Allison: About 12-and-a-half.
St. James: So as you were growing up, first of all you met a lot of his friends and associates in the music business, but you also brought in your own influences – maybe a little more of a rock influence.
Allison: Yeah, I studied my dad first along with people like Muddy Waters, all the King’s, and later on I had the chance of working with the queen of the blues Koko Taylor, backing her for three years. Even through her I had the chance to meet more musicians like Stevie Ray and actually go on tour with Stevie Ray Vaughan and Johnny Winter, where I kinda picked up my slide technique.
I walked right into that circle of the creators of music. And also, being the baby of nine kids, we had all kinds of music in the house, not just blues. We basically come from the church so we had gospel, jazz, rock, funk. And basically what Bernard Allison is doing now, playing what I was brought up on in the household.
St. James: When did you tour with Stevie Ray Vaughan?
Allison: There would always be like package tours with Koko Taylor. I remember playing Chicago, in fact at the Chicago Blues Festival or the Handy Award festival where the Blues Explosion won a Handy, a Grammy, actually for that album with Stevie, Koko. We were all in the show together. Stevie had been good friends with my dad for years. He knew me way before I even started playing. The minute we hooked up, and he realized who I was, we became like brothers and stayed in touch. I’d go join him or vice versa he’d come somewhere I was playing and sit in and say let’s jam.
St. James: You played with Koko Taylor right out of high school didn’t you?

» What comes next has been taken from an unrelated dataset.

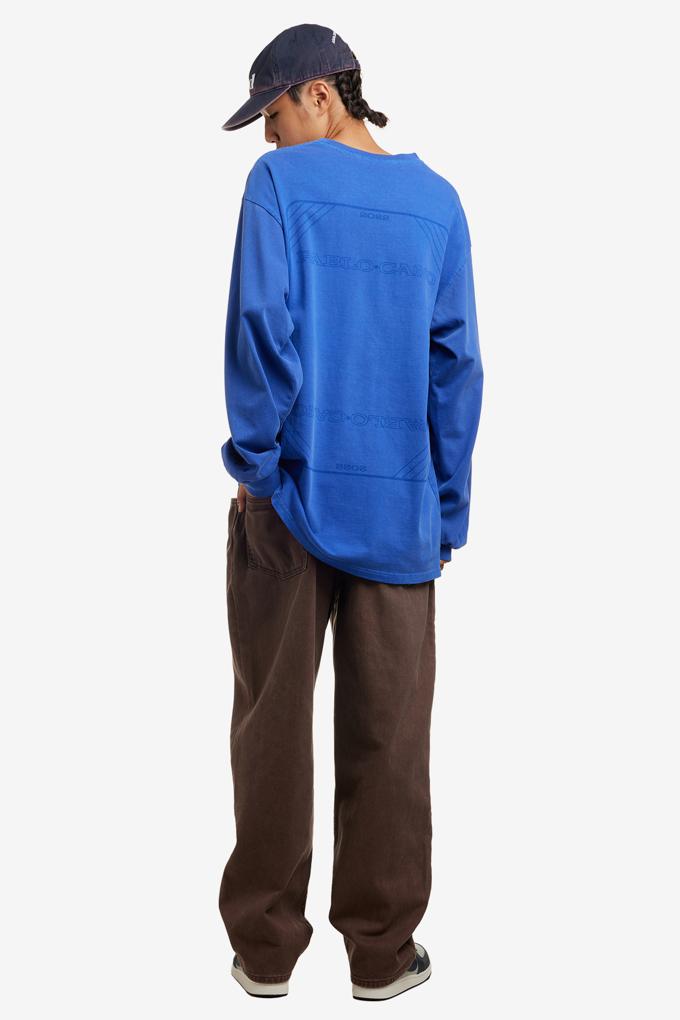 PABLO CANO N.BLUE LOOSE LS TSHIRT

Allison: Yeah, like four days out of high school I got the call from Koko saying, ‘I’d like you to become a member of the Blues Machine.’ I knew at that time there were so many more guitar players out there that were more qualified for her and I was like, ‘Why me?’Apparently her and my dad had talked and he said, ‘Once he gets out of school, I’m going to be in Europe during this period, so if you have faith in his playing, take him out and teach him the rules of the road basically.’ Koko’s a sweetheart, I just had the chance to open up for her last week, at the Philadelphia Blues Festival, and we started talking about the old times. She’s like my second mother basically, and I was too young to be in the clubs then so she was like my legal guardian on the road.
St. James: What kind of stuff did you learn from playing with her band musically?
Allison: I think more or less to be a rhythm player and learn how to follow someone ’cause learning, I always played by myself, and I kind of got a couple groups together during school but never really played out or anything. Just to be able to back someone and I think if I didn’t do that then, I probably wouldn’t have any knowledge of rhythm now, for the fact that I would just be concentrating on singing and soloing. I think that’s the most influential thing that I learned from Koko.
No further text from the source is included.